The St. Louis Blues are a long way from winning the Stanley Cup, but it can’t be understated just how big the 3-2 victory in Monday’s Game 7 was.
The mantra in St. Louis for the better part of the week, and maybe for the duration of the first-round series, was that this time things were going to be different. This time the Blues weren’t going to fall apart, they were going to close out a series and finally advance after three consecutive first-round exits. But a loss in Game 6 saw doubt creep in for the Blues, if not from the players then from those who’ve watched this team fail to get the job done in Round One for the past three campaigns.
However, following Game 6’s second period collapse, the Blues entered Game 7 with the same emotion they displayed in the first frame of Saturday’s game.
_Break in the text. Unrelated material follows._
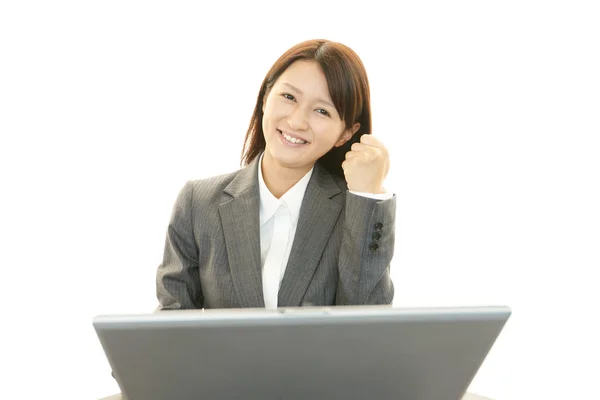 The female office worker who poses happily — Stock Photo, Image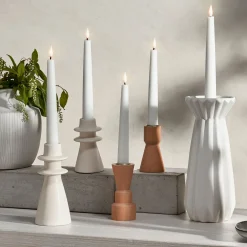 June Porcelain Taper Candle Holders, Set of 2, Matte Ivory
The difference-maker was that this time the Blues didn’t fall apart at the seams. No doubt there was a scare — an early 2-0 lead was squashed by the rival Chicago Blackhawks — but with the game tied, the Blues didn't blow coverages, they didn't let a weak goal turn the tide and they didn't give the Blackhawks one single Grade 'A' scoring chance. That all led to St. Louis’ Troy Brouwer scoring midway through the final period, and that marker stood as the goal that sent the Blues to the second round.
Of course, even the Blues’ late one-goal lead wasn’t entirely safe as Brent Seabrook blasted a shot from the blueline that walked the goal line and hit off of both posts, but that was all but forgotten as the final buzzer went. All that matters to the fans in St. Louis, and to a Blues organization that sorely needed this victory, is that they held on and are advancing to the second round of the post-season after three straight seasons of first-round heartbreak.
It’s fitting this Blues group is the one to move on, too, given the injury issues the team overcame in the regular season that likely would have crushed previous iterations of this squad. It wasn’t until the first game of the post-season that St. Louis found themselves with a full, healthy roster, yet somehow the Blues managed to not only succeed in the regular season but earn home ice advantage in the first round while challenging for the Central Division title.
If the Blues were going to go anywhere in this post-season, if they were going to accomplish anything, it had to start with St. Louis overcoming a hurdle to prove to themselves and their doubters their ability to get the job done. That their proof came at the expense of a foe as detested as the Blackhawks is only a bonus. It feels as though the Blues’ Game 7 victory could have been a catalyst for this team. Maybe it’s not all talk and this year really is different, because after Game 7, St. Louis looks like a group that is truly ready to take the next step.
That’s not to say St. Louis is without faults, and there are issues that need to be addressed if the Blues want to continue its march towards the franchise’s first Stanley Cup. The deployment and usage of star winger Vladimir Tarasenko was a major talking point throughout the first round, and a scene between coach Ken Hitchcock and the Russian winger put the spotlight squarely on the situation in Game 7. There’s also the matter of St. Louis’ inability to defend leads — the Blues blew two-goal cushions in Games 6 and 7 — and Hitchcock and Co. will need to address that issue before facing a Dallas Stars offense that can seemingly score at will. But at least for one night, the city of St. Louis will celebrate their Blues, who have finally overcome their first-round woes to move on to Round Two.